BEGIN Source material

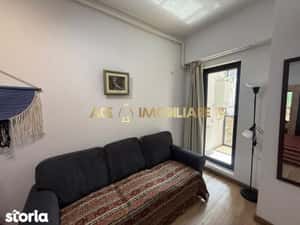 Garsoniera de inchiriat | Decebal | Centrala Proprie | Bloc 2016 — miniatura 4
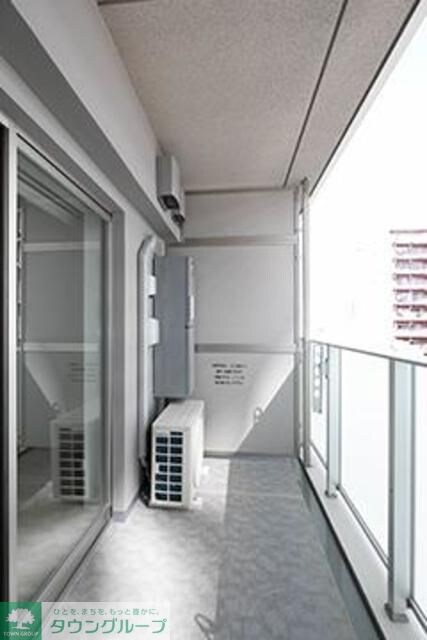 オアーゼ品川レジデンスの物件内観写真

END Source material
BEGIN Source material

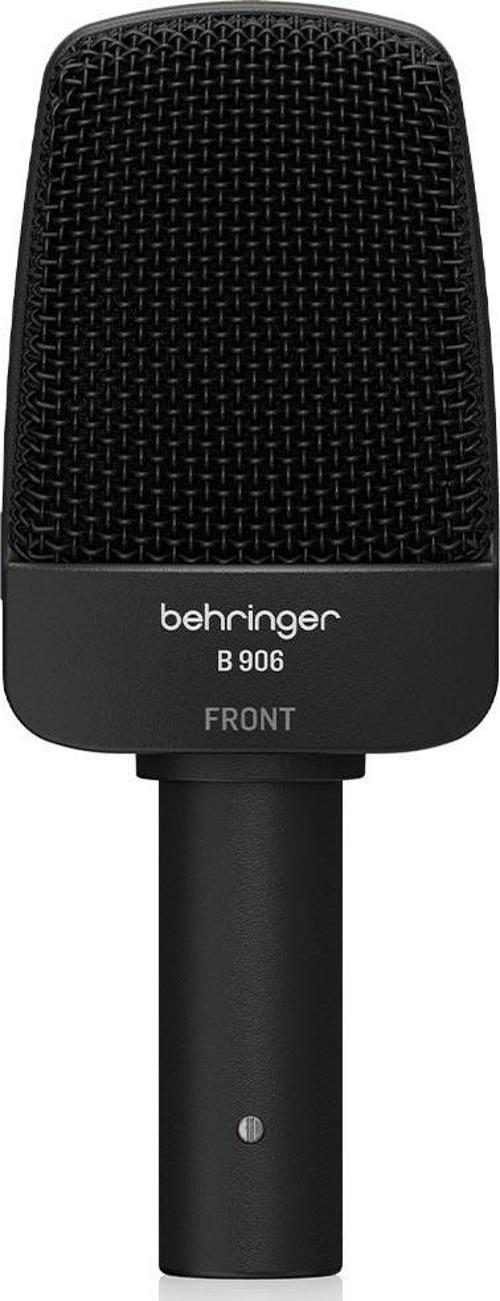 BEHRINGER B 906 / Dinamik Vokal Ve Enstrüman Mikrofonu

END Source material
BEGIN Source material

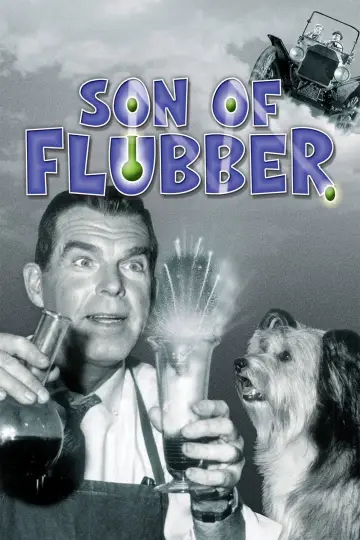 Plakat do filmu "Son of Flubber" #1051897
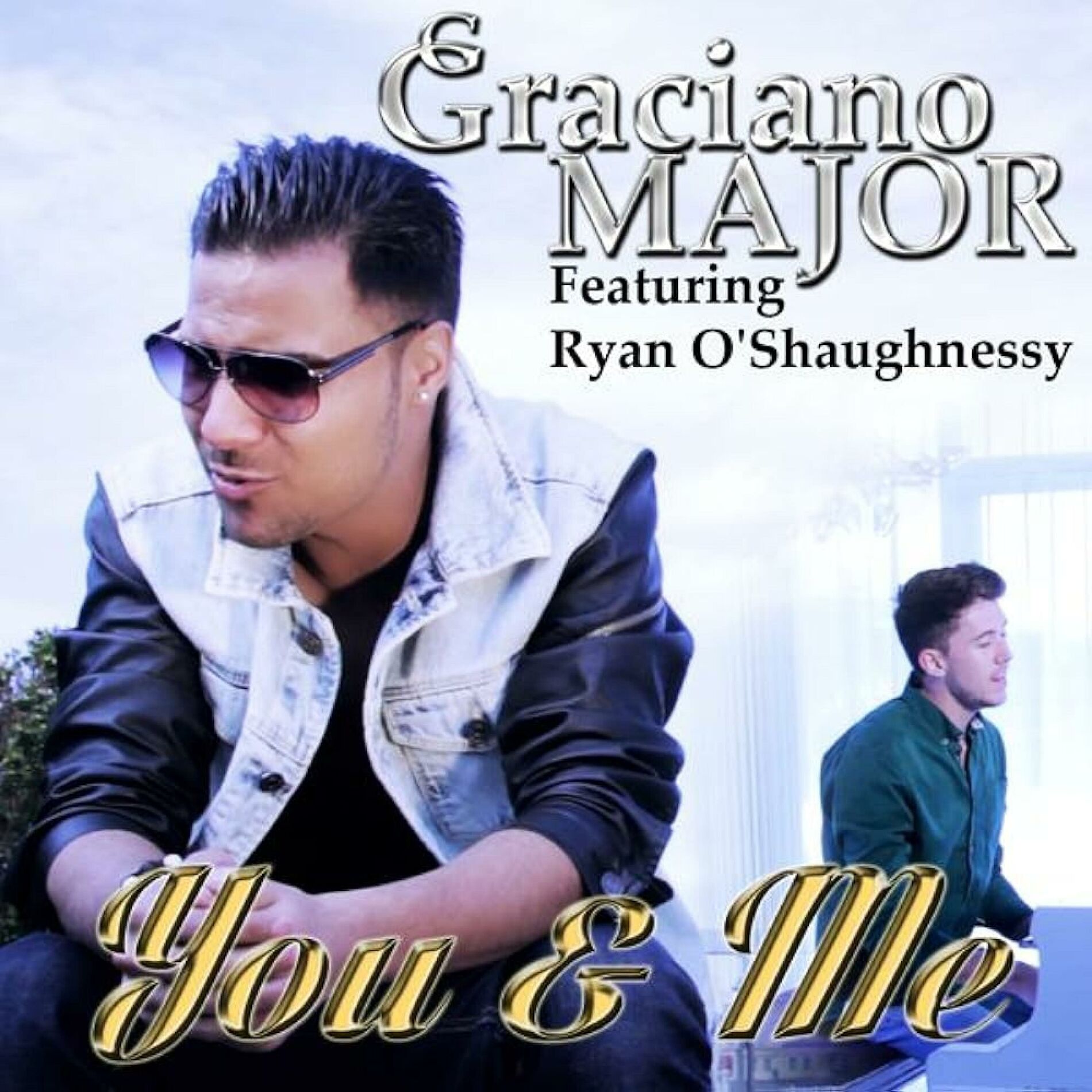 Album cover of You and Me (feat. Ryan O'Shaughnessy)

END Source material

Work instruction: Using the data above, give again exactly the lines starting at the one holding "Garsoniera de inchiriat" and ending at the one holding "オアーゼ品川レジデンスの物件内観写真", inclusive, and nothing more. Omit the pictures.

Worked solution:
 Garsoniera de inchiriat | Decebal | Centrala Proprie | Bloc 2016 — miniatura 4
 オアーゼ品川レジデンスの物件内観写真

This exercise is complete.